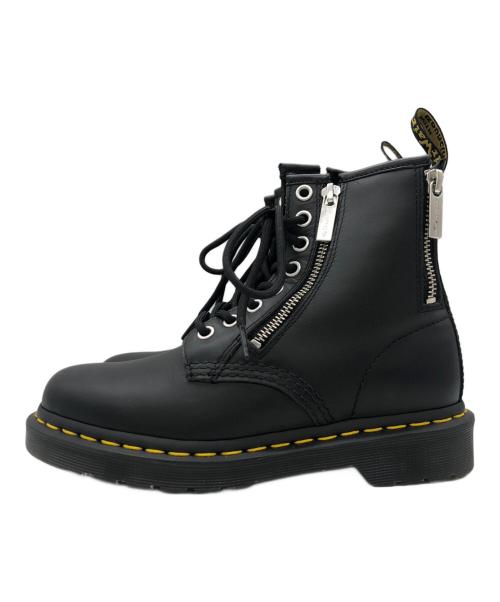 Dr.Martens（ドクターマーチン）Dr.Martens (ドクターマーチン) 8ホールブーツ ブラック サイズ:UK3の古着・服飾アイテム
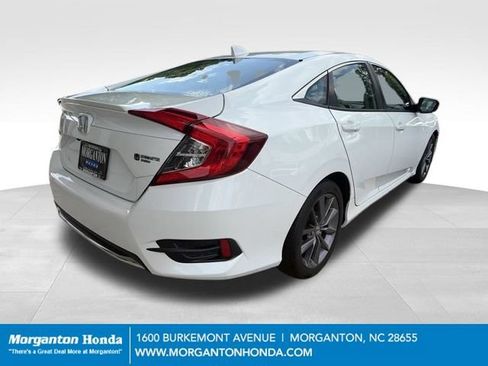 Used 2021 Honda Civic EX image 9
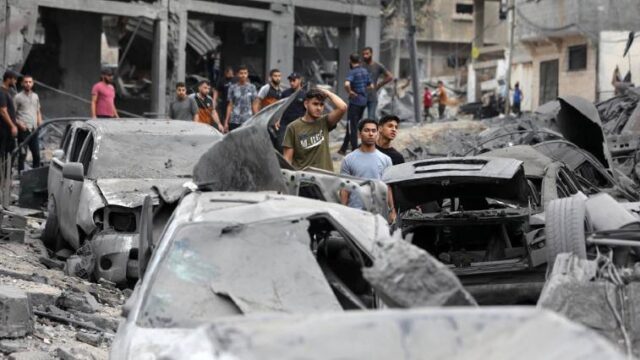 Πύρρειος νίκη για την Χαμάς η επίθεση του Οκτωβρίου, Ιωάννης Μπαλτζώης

++++++++++++++++++++

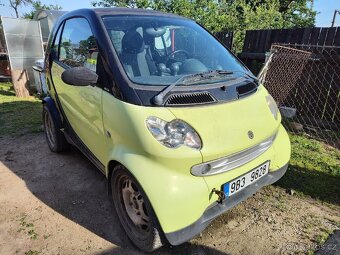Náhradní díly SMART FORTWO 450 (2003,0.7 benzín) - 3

++++++++++++++++++++

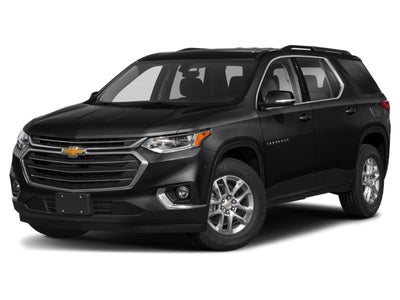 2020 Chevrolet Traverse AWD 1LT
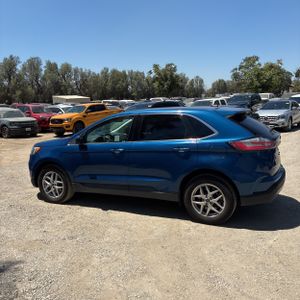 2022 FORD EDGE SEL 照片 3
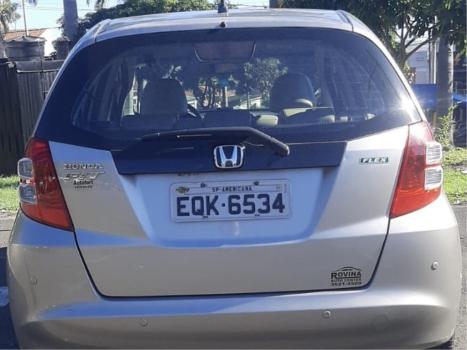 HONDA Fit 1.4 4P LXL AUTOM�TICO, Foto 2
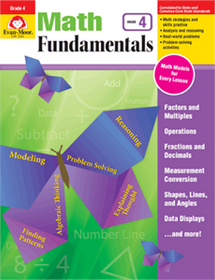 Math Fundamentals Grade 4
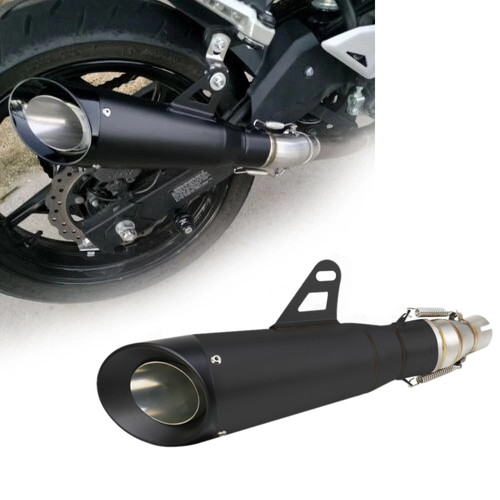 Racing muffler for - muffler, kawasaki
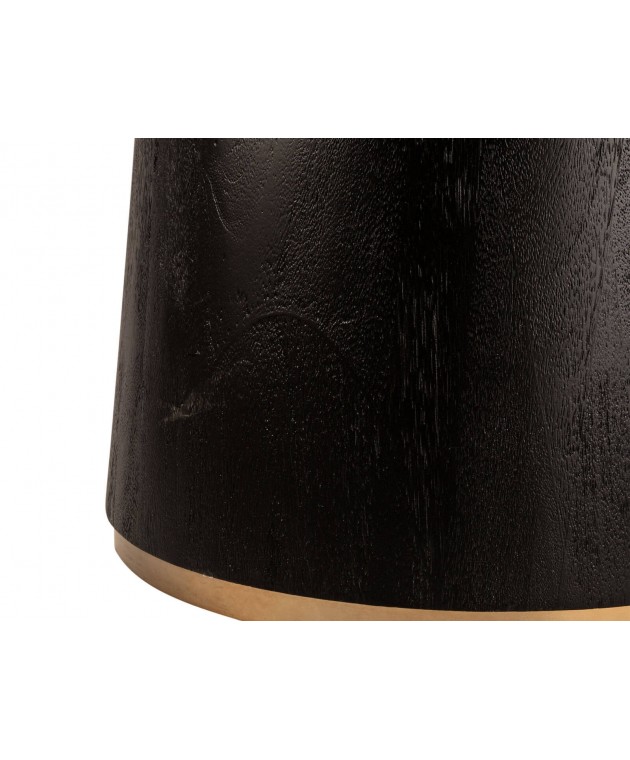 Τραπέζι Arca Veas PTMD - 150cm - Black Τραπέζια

++++++++++++++++++++

> [What the exercise asks]: From the material above, reproduce only what runs from the line holding "Dr.Martens（ドクターマーチン）Dr.Martens (ドクターマーチン) 8ホールブーツ" down to the line holding "Πύρρειος νίκη για", both included, pictures excluded.

> [Result of the task]:
 Dr.Martens（ドクターマーチン）Dr.Martens (ドクターマーチン) 8ホールブーツ ブラック サイズ:UK3の古着・服飾アイテム
 Used 2021 Honda Civic EX image 9
 Πύρρειος νίκη για την Χαμάς η επίθεση του Οκτωβρίου, Ιωάννης Μπαλτζώης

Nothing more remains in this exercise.